What is more interesting is the discussion of who should be granted traditional knowledge rights—a debate which largely centers on the type of protection afforded by the agreement. Traditional knowledge protections can come in two basic varieties: “defensive” and “positive.” Defensive traditional knowledge protections ensure that rights to pre-existing content will not become restricted from use by the original community. This protection is typically achieved by instituting a registry or database of existing TK, providing prior art which will defeat future claims of originality or novelty by those trying to assert copyright or patent rights over TK content. Positive protections, however, grant exclusive rights over traditional knowledge that are analogous to the rights granted by copyright or patent law—rights that can be asserted to exclude, license, and profit from particular works. While the draft agreement certainly provides for some increased defensive protections, the bulk of the rights granting language focuses on positive rights.
The implications that this positive-defensive rights debate has on the scope of the global public domain is not lost on negotiators. While defensive protections essentially seek to document what should already be available for public use, positive protections seek to pull some works out of what, in the United States at least, would be considered the public domain. In the comments to the draft text it is clear that some delegates are resisting the push for strong positive rights. Norway and the United States, among others, are asking that the agreement find the “right balance between TK that was subject to protection and knowledge which was or had become part of the public domain.” The United States, echoing this concern, cited the WIPO Development Agenda’s call to “support a robust public domain in WIPO’s Member States” as reason to resist a broad positive rights framework.

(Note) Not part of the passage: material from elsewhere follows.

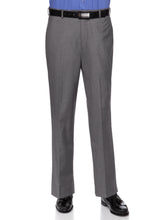 Load image into Gallery viewer, RGM Mens Slim fit Dress Pants Flat-Front - Modern Formal Business Wrinkle Free No Iron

On the other end of the spectrum, representatives from developing nations made the point that already traditional knowledge—some of which would be thought of as in the public domain in the United States—is not freely available for anyone to use, and those given access should have responsibilities and obligations extending indefinitely into the future. The representative of one indigenous tribe made the following comment:
Public domain was a western concept that was designed for commerce and was a bargain that was set for a grant of private property rights for a limited amount of time after which knowledge would go into the public domain. Such a concept did not necessarily exist in indigenous knowledge systems.
True enough, but the underlying “commerce” concerns of the western public domain, in the United States at least, go to the very heart of its philosophy on the appropriate encouragement of the “progress science and the useful arts” and the scope of acceptable limitations on free speech.
As the draft text develops, it seems increasingly likely that this agreement will provide the first ever legal definition of the scope of the international public domain—something ACTA, TRIPS, Berne, and all other international IP agreements have thus far failed to do. While the move toward international protection of traditional knowledge has been a long time coming, this deliberate new focus on the scope of the public domain is, hopefully, a sign that that IP and trade representatives from the United States and Europe have (finally) come to acknowledge the importance of a vibrant public domain.
Bringing this back to the world of scholarly communications, positive protections that award rights over certain traditional knowledge works is somewhat worrisome because it is library collections that house some of the rare copies of expressions of traditional knowledge existing in the United States and other developed nations. Expanding international protections may severely curtail what academics can do with those works, and it will almost certainly limit their ability to collect some of these works in the future. The big picture impact of this traditional knowledge agreement remains to be seen, but the scope of the public domain is at play—for traditional knowledge specifically, but inevitably outlining its scope in general—and that is a concern which extends far beyond libraries and the scholarly world.